# EXERCISE BRIEF
All of the data below is to be copied again without changes.

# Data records
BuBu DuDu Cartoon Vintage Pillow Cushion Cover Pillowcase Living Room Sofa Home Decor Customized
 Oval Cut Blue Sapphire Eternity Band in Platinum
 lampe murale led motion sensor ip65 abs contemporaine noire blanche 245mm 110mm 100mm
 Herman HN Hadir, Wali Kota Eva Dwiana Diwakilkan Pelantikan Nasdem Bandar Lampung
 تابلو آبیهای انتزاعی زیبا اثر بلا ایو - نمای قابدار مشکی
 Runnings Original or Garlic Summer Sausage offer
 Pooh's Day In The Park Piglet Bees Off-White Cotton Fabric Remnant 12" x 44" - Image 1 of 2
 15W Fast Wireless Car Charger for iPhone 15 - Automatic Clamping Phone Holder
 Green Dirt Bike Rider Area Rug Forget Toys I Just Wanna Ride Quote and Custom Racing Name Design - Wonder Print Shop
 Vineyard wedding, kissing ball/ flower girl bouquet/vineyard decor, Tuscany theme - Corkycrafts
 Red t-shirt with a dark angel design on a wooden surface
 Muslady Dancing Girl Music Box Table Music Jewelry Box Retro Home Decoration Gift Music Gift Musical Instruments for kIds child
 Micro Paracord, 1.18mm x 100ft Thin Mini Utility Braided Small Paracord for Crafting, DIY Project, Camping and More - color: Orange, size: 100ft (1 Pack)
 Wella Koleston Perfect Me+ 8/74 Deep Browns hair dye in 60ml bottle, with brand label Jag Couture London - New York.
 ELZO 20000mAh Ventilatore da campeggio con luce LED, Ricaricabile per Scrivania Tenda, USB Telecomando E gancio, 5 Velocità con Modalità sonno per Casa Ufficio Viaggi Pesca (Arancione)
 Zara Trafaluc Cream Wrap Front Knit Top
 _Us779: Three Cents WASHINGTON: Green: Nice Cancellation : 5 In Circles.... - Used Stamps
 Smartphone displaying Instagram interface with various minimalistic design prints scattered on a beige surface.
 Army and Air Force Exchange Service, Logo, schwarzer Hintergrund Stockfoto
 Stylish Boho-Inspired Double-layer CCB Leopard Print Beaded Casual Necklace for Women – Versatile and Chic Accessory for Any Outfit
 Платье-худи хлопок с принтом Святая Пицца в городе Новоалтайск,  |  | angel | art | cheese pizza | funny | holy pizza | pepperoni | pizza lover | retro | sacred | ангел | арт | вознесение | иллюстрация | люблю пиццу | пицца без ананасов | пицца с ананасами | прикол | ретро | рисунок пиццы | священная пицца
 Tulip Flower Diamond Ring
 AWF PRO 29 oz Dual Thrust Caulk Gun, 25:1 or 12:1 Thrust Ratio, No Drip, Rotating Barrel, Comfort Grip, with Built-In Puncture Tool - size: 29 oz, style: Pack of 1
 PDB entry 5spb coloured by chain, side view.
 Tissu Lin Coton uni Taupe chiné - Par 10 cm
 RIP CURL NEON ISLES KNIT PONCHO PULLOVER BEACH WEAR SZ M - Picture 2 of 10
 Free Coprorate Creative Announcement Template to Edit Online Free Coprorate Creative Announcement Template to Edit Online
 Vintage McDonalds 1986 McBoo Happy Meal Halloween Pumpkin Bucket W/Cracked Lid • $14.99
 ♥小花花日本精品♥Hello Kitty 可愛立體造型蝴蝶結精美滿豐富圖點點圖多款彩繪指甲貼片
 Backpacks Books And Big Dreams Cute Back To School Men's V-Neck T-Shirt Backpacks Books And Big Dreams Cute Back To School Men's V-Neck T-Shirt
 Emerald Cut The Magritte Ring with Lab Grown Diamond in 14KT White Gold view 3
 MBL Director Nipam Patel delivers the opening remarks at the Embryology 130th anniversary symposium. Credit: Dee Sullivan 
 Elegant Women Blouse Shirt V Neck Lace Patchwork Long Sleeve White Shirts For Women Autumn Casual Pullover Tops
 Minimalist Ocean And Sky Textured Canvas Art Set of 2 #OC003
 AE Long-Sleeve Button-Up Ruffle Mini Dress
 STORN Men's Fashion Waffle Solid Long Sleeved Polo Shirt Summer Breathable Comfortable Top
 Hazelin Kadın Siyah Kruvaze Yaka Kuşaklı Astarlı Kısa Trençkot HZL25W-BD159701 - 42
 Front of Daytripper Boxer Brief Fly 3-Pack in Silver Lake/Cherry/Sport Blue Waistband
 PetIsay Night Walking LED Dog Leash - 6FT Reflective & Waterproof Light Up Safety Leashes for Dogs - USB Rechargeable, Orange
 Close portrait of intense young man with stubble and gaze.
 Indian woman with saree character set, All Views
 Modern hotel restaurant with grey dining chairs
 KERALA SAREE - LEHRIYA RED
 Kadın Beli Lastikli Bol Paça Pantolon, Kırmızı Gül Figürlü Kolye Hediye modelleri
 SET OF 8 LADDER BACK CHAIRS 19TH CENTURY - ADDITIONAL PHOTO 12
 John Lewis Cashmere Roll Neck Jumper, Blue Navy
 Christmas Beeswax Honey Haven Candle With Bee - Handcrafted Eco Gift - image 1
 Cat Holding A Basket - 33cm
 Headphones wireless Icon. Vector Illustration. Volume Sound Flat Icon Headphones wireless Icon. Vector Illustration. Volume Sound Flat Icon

# EXERCISE RESPONSE
BuBu DuDu Cartoon Vintage Pillow Cushion Cover Pillowcase Living Room Sofa Home Decor Customized
 Oval Cut Blue Sapphire Eternity Band in Platinum
 lampe murale led motion sensor ip65 abs contemporaine noire blanche 245mm 110mm 100mm
 Herman HN Hadir, Wali Kota Eva Dwiana Diwakilkan Pelantikan Nasdem Bandar Lampung
 تابلو آبیهای انتزاعی زیبا اثر بلا ایو - نمای قابدار مشکی
 Runnings Original or Garlic Summer Sausage offer
 Pooh's Day In The Park Piglet Bees Off-White Cotton Fabric Remnant 12" x 44" - Image 1 of 2
 15W Fast Wireless Car Charger for iPhone 15 - Automatic Clamping Phone Holder
 Green Dirt Bike Rider Area Rug Forget Toys I Just Wanna Ride Quote and Custom Racing Name Design - Wonder Print Shop
 Vineyard wedding, kissing ball/ flower girl bouquet/vineyard decor, Tuscany theme - Corkycrafts
 Red t-shirt with a dark angel design on a wooden surface
 Muslady Dancing Girl Music Box Table Music Jewelry Box Retro Home Decoration Gift Music Gift Musical Instruments for kIds child
 Micro Paracord, 1.18mm x 100ft Thin Mini Utility Braided Small Paracord for Crafting, DIY Project, Camping and More - color: Orange, size: 100ft (1 Pack)
 Wella Koleston Perfect Me+ 8/74 Deep Browns hair dye in 60ml bottle, with brand label Jag Couture London - New York.
 ELZO 20000mAh Ventilatore da campeggio con luce LED, Ricaricabile per Scrivania Tenda, USB Telecomando E gancio, 5 Velocità con Modalità sonno per Casa Ufficio Viaggi Pesca (Arancione)
 Zara Trafaluc Cream Wrap Front Knit Top
 _Us779: Three Cents WASHINGTON: Green: Nice Cancellation : 5 In Circles.... - Used Stamps
 Smartphone displaying Instagram interface with various minimalistic design prints scattered on a beige surface.
 Army and Air Force Exchange Service, Logo, schwarzer Hintergrund Stockfoto
 Stylish Boho-Inspired Double-layer CCB Leopard Print Beaded Casual Necklace for Women – Versatile and Chic Accessory for Any Outfit
 Платье-худи хлопок с принтом Святая Пицца в городе Новоалтайск,  |  | angel | art | cheese pizza | funny | holy pizza | pepperoni | pizza lover | retro | sacred | ангел | арт | вознесение | иллюстрация | люблю пиццу | пицца без ананасов | пицца с ананасами | прикол | ретро | рисунок пиццы | священная пицца
 Tulip Flower Diamond Ring
 AWF PRO 29 oz Dual Thrust Caulk Gun, 25:1 or 12:1 Thrust Ratio, No Drip, Rotating Barrel, Comfort Grip, with Built-In Puncture Tool - size: 29 oz, style: Pack of 1
 PDB entry 5spb coloured by chain, side view.
 Tissu Lin Coton uni Taupe chiné - Par 10 cm
 RIP CURL NEON ISLES KNIT PONCHO PULLOVER BEACH WEAR SZ M - Picture 2 of 10
 Free Coprorate Creative Announcement Template to Edit Online Free Coprorate Creative Announcement Template to Edit Online
 Vintage McDonalds 1986 McBoo Happy Meal Halloween Pumpkin Bucket W/Cracked Lid • $14.99
 ♥小花花日本精品♥Hello Kitty 可愛立體造型蝴蝶結精美滿豐富圖點點圖多款彩繪指甲貼片
 Backpacks Books And Big Dreams Cute Back To School Men's V-Neck T-Shirt Backpacks Books And Big Dreams Cute Back To School Men's V-Neck T-Shirt
 Emerald Cut The Magritte Ring with Lab Grown Diamond in 14KT White Gold view 3
 MBL Director Nipam Patel delivers the opening remarks at the Embryology 130th anniversary symposium. Credit: Dee Sullivan 
 Elegant Women Blouse Shirt V Neck Lace Patchwork Long Sleeve White Shirts For Women Autumn Casual Pullover Tops
 Minimalist Ocean And Sky Textured Canvas Art Set of 2 #OC003
 AE Long-Sleeve Button-Up Ruffle Mini Dress
 STORN Men's Fashion Waffle Solid Long Sleeved Polo Shirt Summer Breathable Comfortable Top
 Hazelin Kadın Siyah Kruvaze Yaka Kuşaklı Astarlı Kısa Trençkot HZL25W-BD159701 - 42
 Front of Daytripper Boxer Brief Fly 3-Pack in Silver Lake/Cherry/Sport Blue Waistband
 PetIsay Night Walking LED Dog Leash - 6FT Reflective & Waterproof Light Up Safety Leashes for Dogs - USB Rechargeable, Orange
 Close portrait of intense young man with stubble and gaze.
 Indian woman with saree character set, All Views
 Modern hotel restaurant with grey dining chairs
 KERALA SAREE - LEHRIYA RED
 Kadın Beli Lastikli Bol Paça Pantolon, Kırmızı Gül Figürlü Kolye Hediye modelleri
 SET OF 8 LADDER BACK CHAIRS 19TH CENTURY - ADDITIONAL PHOTO 12
 John Lewis Cashmere Roll Neck Jumper, Blue Navy
 Christmas Beeswax Honey Haven Candle With Bee - Handcrafted Eco Gift - image 1
 Cat Holding A Basket - 33cm
 Headphones wireless Icon. Vector Illustration. Volume Sound Flat Icon Headphones wireless Icon. Vector Illustration. Volume Sound Flat Icon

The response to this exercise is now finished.